# Sea N Sport boats



## jeross (Jun 6, 2009)

First, let me say that I have enjoyed reading the forum and have learned a good deal from your posts. Thanks for that!

Has anyone had any exposure to Sea N Sport skiffs? I am wondering about the build quality and reputation of these boats. They appear from what I have seen online to be a basic, no-frills, inexpensive boat with some potential but I haven't found any reviews from someone who has seen or used one in the flesh. Just curious ...

TIA


----------



## iMacattack (Dec 11, 2006)

First welcome to microskiff.com! 

Gin and Tonic please. ;D

Don't know much about em. Which model are you looking at?


----------



## jeross (Jun 6, 2009)

I saw a 140FS Fisherman on BoatTrader with some decent pictures (much better than the builder's website). They are made in Bradenton, FL and claim to have manufactured over 10k boats so I was hoping someone knew a bit about them.

So ... lime or lemon in that G&T?


----------



## gnuraider (Nov 4, 2008)

Welcome! I know absolutely nothing about those boats...I am relatively new to the boat scene myself and have spent most of my time out here learning about Gheenoes...I have a 15'6" Classic.

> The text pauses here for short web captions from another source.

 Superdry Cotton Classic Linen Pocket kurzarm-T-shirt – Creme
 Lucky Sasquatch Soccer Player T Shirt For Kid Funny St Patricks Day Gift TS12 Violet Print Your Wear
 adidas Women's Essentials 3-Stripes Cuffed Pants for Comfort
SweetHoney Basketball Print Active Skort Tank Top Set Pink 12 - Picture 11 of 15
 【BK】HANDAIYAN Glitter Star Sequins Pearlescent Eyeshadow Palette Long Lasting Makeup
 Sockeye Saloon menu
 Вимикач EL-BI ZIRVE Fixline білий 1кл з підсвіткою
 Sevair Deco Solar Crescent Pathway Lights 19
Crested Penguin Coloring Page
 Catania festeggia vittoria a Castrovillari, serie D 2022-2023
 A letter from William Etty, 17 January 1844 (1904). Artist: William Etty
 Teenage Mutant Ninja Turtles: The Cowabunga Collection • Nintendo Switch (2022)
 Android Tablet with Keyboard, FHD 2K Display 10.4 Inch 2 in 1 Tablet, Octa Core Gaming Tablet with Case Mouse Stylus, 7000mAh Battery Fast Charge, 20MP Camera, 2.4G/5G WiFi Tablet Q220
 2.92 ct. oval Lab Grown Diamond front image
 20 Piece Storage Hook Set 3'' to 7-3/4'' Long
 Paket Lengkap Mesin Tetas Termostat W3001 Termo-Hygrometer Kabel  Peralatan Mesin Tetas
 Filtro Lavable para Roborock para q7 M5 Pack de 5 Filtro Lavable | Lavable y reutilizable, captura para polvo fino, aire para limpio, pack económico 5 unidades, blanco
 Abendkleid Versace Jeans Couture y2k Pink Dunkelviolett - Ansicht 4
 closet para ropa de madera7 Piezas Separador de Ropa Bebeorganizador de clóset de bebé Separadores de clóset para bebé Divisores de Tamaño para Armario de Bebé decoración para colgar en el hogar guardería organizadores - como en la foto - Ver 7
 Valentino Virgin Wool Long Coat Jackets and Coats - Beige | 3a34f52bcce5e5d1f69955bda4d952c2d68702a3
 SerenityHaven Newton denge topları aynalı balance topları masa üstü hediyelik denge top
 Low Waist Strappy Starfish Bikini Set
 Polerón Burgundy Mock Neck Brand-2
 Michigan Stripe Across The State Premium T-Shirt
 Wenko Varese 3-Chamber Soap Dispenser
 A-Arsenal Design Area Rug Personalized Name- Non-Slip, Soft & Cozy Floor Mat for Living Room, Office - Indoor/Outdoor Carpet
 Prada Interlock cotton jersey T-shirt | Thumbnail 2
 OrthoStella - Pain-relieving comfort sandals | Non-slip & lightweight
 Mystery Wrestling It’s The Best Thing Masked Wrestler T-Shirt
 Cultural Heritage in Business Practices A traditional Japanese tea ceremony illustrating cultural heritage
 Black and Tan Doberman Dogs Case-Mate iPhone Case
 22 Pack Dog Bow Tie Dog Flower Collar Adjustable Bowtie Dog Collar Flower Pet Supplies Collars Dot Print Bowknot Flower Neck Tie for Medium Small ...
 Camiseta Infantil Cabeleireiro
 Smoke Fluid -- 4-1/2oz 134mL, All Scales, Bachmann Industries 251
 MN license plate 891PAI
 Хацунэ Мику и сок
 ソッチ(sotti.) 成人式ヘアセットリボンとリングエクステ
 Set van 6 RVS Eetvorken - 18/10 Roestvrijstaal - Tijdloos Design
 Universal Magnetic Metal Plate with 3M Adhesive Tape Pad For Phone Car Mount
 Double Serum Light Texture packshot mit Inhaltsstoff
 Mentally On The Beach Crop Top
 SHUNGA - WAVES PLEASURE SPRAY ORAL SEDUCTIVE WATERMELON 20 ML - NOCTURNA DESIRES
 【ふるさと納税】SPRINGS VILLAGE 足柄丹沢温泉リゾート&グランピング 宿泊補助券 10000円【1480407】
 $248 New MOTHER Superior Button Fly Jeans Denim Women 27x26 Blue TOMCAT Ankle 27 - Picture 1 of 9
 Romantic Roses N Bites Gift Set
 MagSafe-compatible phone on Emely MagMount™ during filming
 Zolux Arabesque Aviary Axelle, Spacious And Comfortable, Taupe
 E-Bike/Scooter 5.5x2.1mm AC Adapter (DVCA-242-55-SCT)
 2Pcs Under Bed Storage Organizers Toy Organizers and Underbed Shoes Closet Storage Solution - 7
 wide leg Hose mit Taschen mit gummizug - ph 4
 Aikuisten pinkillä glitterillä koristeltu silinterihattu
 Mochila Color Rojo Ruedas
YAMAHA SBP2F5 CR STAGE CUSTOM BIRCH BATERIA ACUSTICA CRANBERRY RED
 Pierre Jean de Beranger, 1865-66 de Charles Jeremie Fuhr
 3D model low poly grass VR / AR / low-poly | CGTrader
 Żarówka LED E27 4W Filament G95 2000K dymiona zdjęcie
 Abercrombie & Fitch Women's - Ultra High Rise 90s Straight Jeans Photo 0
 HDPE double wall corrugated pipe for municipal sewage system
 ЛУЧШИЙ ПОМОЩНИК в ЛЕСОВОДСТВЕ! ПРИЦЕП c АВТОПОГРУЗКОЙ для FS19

I DO know that I'll have a gin and tonic as well..make it a double...since it's such a beautiful Saturday afternoon in Middle Tennessee and somehow I'm NOT on the water :'( 

oh, almost forgot....lime please.


----------



## rkmurphy (Nov 2, 2008)

I've spoke with them before as I almost got one. They have quite a bit of wood in their construction. The company warranties the hull for life, though.


----------



## beyondhelp (Nov 6, 2008)

I just cut a 16' up. Totally full of water. The deck had rotted out from the bottom. There was resin on both sides of the deck but no fabric underneath so it flexed and cracked. The boat weighed a ton and was only rated for a 50hp. I'm using the leftover parts like the rear deck and console on my rebuild.


----------